These pancakes incredibly simple, fluffy, delicious, and the perfect sweet breakfast or brunch!
- 2 cups rolled oats
- 2 ripe bananas
- 4 eggs
- ¼ tsp cinnamon (optional)
- 1 tsp vanilla extract (optional)
- Butter or oil for cooking
- For serving: maple syrup, berries, banana slices, nut butter, yogurt, and other toppings of choice for serving
- Add the rolled oats to a blender or a food processor and blend until it turns into a coarse flour. It’s ok if it’s not completely smooth. Set aside.
- Add the bananas to a large bowl and mash using a fork. If they’re ripe they should be really easy to mash.
- Whisk in the eggs.
- Add the cinnamon and vanilla extract if using.
- Add the blended oat flour and whisk until just combined.

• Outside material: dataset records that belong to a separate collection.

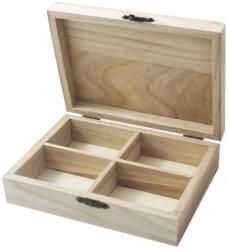 Penta collection Fadoboz, 4 rekeszes teli tetős 14 x 10 x 3, 5 cm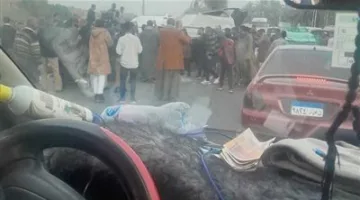 إصابة تسعة أفراد نتيجة حادث مرورى في شمال المنيا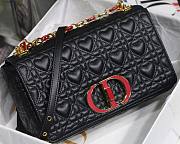 DIOR MEDIUM DIORAMOUR CARO BAG BLACK M9242 SIZE 25.5 CM - 2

Set aside for 10 minutes to allow the oats to soak and the batter to thicken.
- Heat a large pan over medium heat and add 1 tbsp of butter or oil.
- Form pancakes, using 2-3 tbsp of the batter per pancake. Try not to overcrowd your pan. I usually do 3-4 pancakes at a time.

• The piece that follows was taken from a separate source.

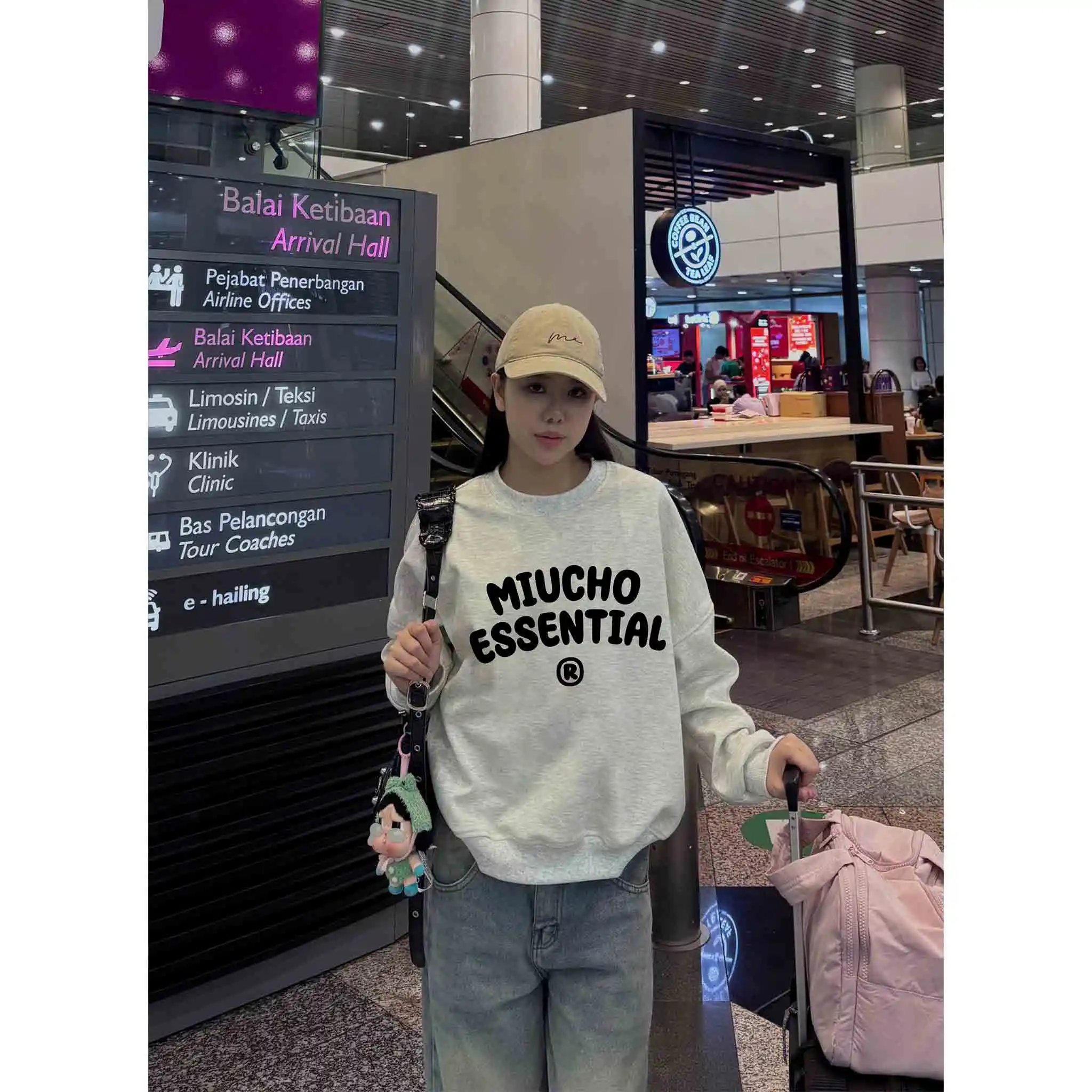 Áo Sweater boxy unisex Miucho Club vải nỉ 2 da cao cấp thoáng mát cổ tròn in chữ basic 2820_thumbnail_7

- Cook the pancakes for 2-3 minutes on each side. When the pancakes start to set around the edges they should be easy to flip.
- Continue with the rest of the batter and add more oil or butter as needed.
- To keep the pancakes warm while you finish making the rest, transfer them to a baking sheet and keep them in a preheated oven at 200F (100C).
The recipe makes about 14 pancakes.
Storing: Store any leftovers in an airtight container in the fridge for 2-3 days or in the freezer for 2-3 months.
Reheating: Add the pancakes to a toaster to warm up. If they're frozen, this will take a little longer. You can also defrost and reheat them in the oven at 350F.